The coefficient of correlation between youth unemployment and government debts in each country in the 'EU15 + 2' is not particularly high at 0.47, but it is high enough to be interesting. But does one cause the other, or are they correlated with something else yet again?
The Baby Boomers would probably look at it this way round, and claim that today's lazy young people refuse to get off their backsides and find themselves a job, so instead of paying tax they are claiming welfare:I think that the other way round is far closer to the mark. Those government debts have been racked up over decades (no fault of today's youth) and the large leap in recent years was due to the so-called financial crisis, which resulted in additional government spending to bail out older, wealthier people. When austerity measures kick in, it is usually young people who take the brunt (hiring freezes, increased tuition fees etc):Sources:
Youth unemployment stat's from Eurostat.
Government debts from Eurostat.
Put On Your Big Boy Pants, Maybe?
50 minutes ago
17 comments:
It is plausible to say that governments which favour high borrowing to fund excessive spending are socialist ones, and that such governments are more likely to enact legislation on behalf of unions to protect their member's interests, e.g. Minimum wage legislation, strict labour laws protecting incumbents, etc.
Just a thought.
Rob, I'm sure there are a hundred reasons, and that must be one of them.

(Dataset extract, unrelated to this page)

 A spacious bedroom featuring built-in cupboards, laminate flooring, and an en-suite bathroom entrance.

Increased borrowing increases money velocity, it can be used to mask the harm to comparative advantage caused by taxes on work (VAT, Corp, NI, Income, Employer NI etc).

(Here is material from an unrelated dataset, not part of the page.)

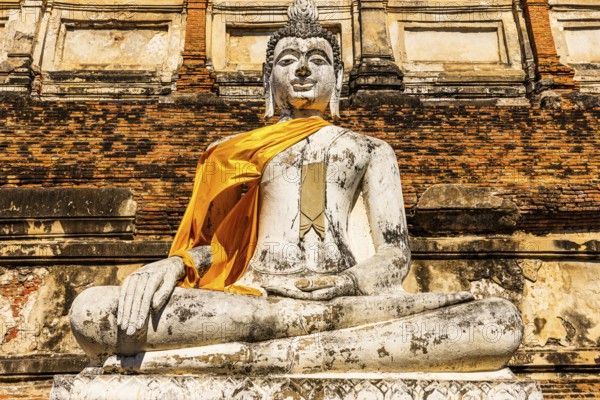 Stone Buddha statue decorated with yellow cloth, historic Buddhist temple complex, Ayutthaya,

Socialists HAVE to increase debt (and that's why banks love them).
AC1
What about plotting yoof unemployment against total taxation rates?

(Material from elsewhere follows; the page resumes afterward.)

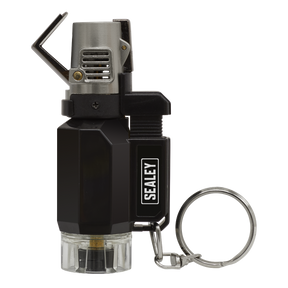 Introducing the Heating Torch Butane Micro – AK4041 by Sealey, a compact butane-powered metal torch lighter with a keychain attachment. It features a piezoelectric ignition lever and a clear base that reveals the fuel chamber, making it an ideal addition to your hand tools collection.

AC1, I'm not sure I believe in this 'velocity of money' guff any more than I believe in 'the multiplier effect'.
L, nice idea, but which tax rate? Is the main rate of UK income tax 20%, or do we use the average overall rate of about 50%? It would take me ages to find a fair comparison for all EU countries.
Steve Keen got a much higher correlation when he graphed changes-in-total debt against unemployment for the USA and for Australia. Perhaps all you need to do is add the UK's private debt to its government debt and retry the correlation.
Yes, I think it is private debt that is the real indicator and influencer. Government debt tends to follow since most governments don't know what it really going on and end up being reactive rather than proactive.
MW - Use the average overall rate. And comapre low tax countries as well as high tax and see what pops out of the elctronic testube.
I seem to recall to have seen this done somewhere else (Adam Smith Institute perhaps). It showed that high average tax rate countries had much higher yoof unemployment than low tax countries.
D, QP, that's a good idea. Do you know a source of total private sector debt to GDP ratios for the EU 17? But SK is far cleverer and talks about changes in debts and changes in unemployment, not just as a snapshot in absolute terms.
L, yes, using total taxes to GDP (or total govt spending to GDP) seems like a place to start, when I have time.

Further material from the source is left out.